The massacre of Ahmadis in Lahore has once again exposed the inner fissures of our society. As if treating them like second class citizens was not enough, the attacks on their private space of worship has confirmed that militant Islamism is now an embedded reality. Those who have been denying the presence of Punjabi Taliban will have to construct another web of denial and disbelief. We saw signs of that after the fateful tragedy. Instead of constituting investigation teams and ensuring that all necessary leads are collated, senior officials of the Punjab government made a direct reference to RAW, the infamous Indian intelligence agency.
That the terrorists can attack anyone and anywhere is now an established reality. The fact that they chose Lahore and a vulnerable community is a clear message. Indeed, Pakistan as a state should reconsider its goals and strategy of survival. The symbolism of the day chosen for the heinous mass murders is also significant. It was Yaum-i-Takbeer when Pakistan’s atomic prowess was proved on the global stage. Perhaps the greatest delusion of the state’s might and invincibility seems to have been blown to bits. The process of bigotry that started in the 1950s culminated in Zulfikar Bhutto’s tragic action of declaring Ahmadis as non- Muslims in 1974. The Zia years deepened this culture of intolerance. Whilst we may have secured our ‘external defence’ through the much touted nuclear deterrence, internally Pakistan and its hapless citizens are more vulnerable than ever. Fundamentalism is a cancer that has widely spread in the body politic. Yet few wish to tackle it. For the past two years, get-Zardari debates have dominated Pakistan’s public discourse punctuated by the anti-Americanism of the right. The interior minister has been portrayed by the media Taliban as a corrupt nincompoop; and blood thirst for him is evident from the news pages and TV screens. Taliban apologists cannot confront the military establishment directly but the truth is the fight against the Taliban requires political stability and a domestic consensus. The right of Ahmadis to worship and lead a normal life according to the Constitution of Pakistan has been violated. What should a community do when the state and non-state actors are all geared to hound them? Is this Jinnah’s Pakistan? No.

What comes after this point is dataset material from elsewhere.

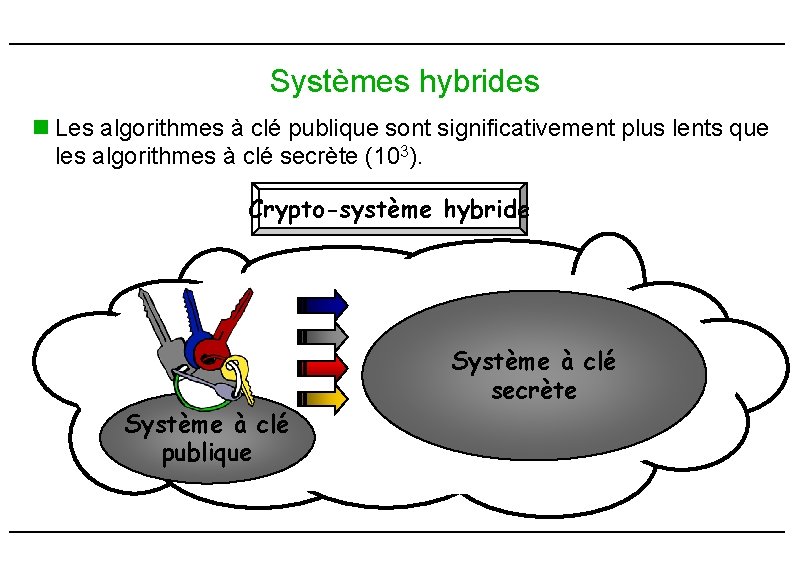 Systèmes hybrides n Les algorithmes à clé publique sont significativement plus lents que les Systèmes hybrides n Les algorithmes à clé publique sont significativement plus lents que les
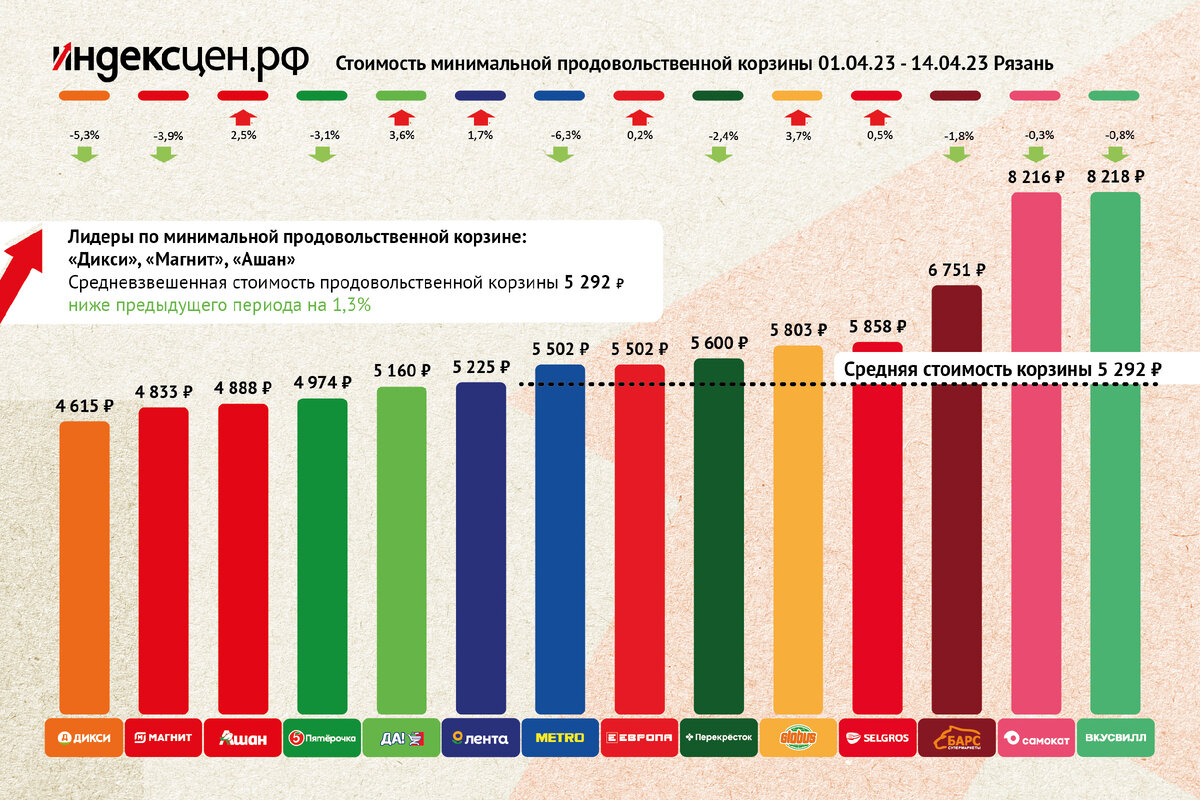 Цены на продукты в россии 2024 году. МРОТ И продуктовая корзина. Продовольственная корзина в 1980. Продуктовая корзина 2023 в России. Набор продуктовой корзины в РФ В 2024.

We have gone too far and pessimists are now saying that the process of destroying Pakistani society is irreversible. There is still hope that we shall overcome this menace if Pakistani public opinion is fashioned to look a little deeper inside and not find all sources of evil in Washington or Delhi. The electronic media has a critical role to play but lack of self-regulation and introspection is missing. If anything, we find more and more analysts and commentators siding with the militants. Pakistan’s fight against terrorism has entered a new, decisive phase. If the political forces are not going to unite against this menace then they should learn a lesson or two from history. The secular and moderate political parties will be the obvious victims of this menace. Similarly, Pakistan’s military establishment needs to revise its paradigm of national security. If the offshoots of Taliban and al Qaeda are going to destroy Pakistani society and further incapacitate the state then what good are nuclear weapons and state-of the- art equipment? Clearly, there is a need for concerted action now. Political mobilisation against terrorism, involvement of moderate religious leaders and media campaigns must precede further military action in the north. We cannot let Taliban sympathisers run media campaigns and interfere in state operations.
Most importantly, the governments at the federal and national level need to acknowledge that the state and its civilian institutions have lost their core capacities due to decades of misgovernance. Police reform and reorganisation of intelligence agencies is perhaps most vital at this juncture.
The battle for Pakistan’s survival cannot be lost. This is the only country we have.
Published in the Express Tribune May 30th, 2010.